→ THE TASK
Copy without pictures. Please restate each line of the listing exactly.

→ DATASET CONTENT
_ _ _

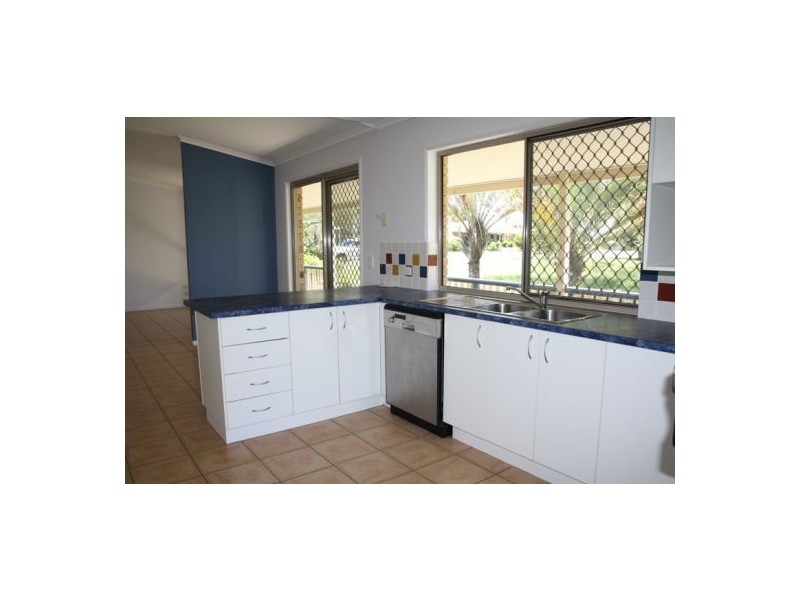 40 Haydn Drive, Kawungan QLD 4655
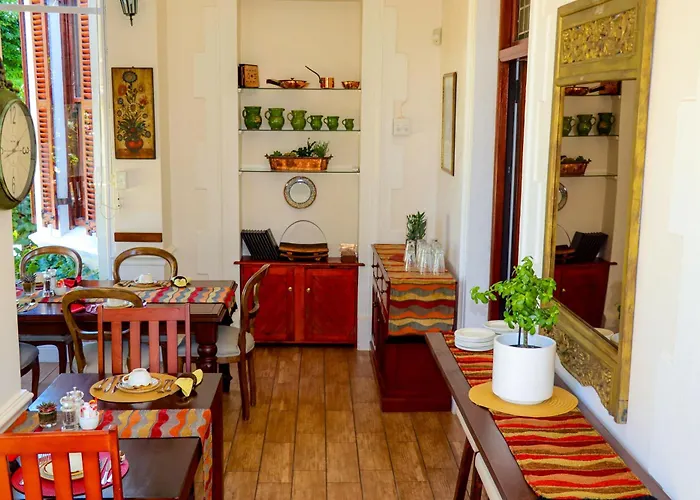 Carmichael House Boutique Hotel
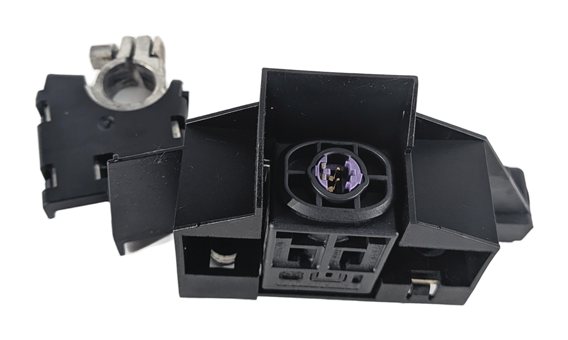 Thumbnail 3: 2011 AUDI S4 (B8 8K) 3.0L POSITIVE BATTERY TERMINAL OVERLOAD PROTECTION FUSE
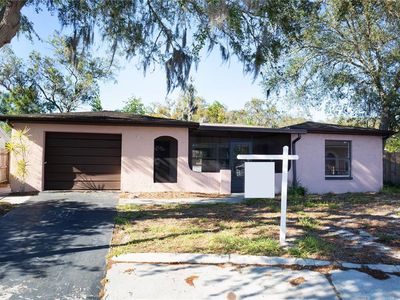 9939 Woodridge Ct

_ _ _

→ REPLY
 40 Haydn Drive, Kawungan QLD 4655
 Carmichael House Boutique Hotel
 Thumbnail 3: 2011 AUDI S4 (B8 8K) 3.0L POSITIVE BATTERY TERMINAL OVERLOAD PROTECTION FUSE
 9939 Woodridge Ct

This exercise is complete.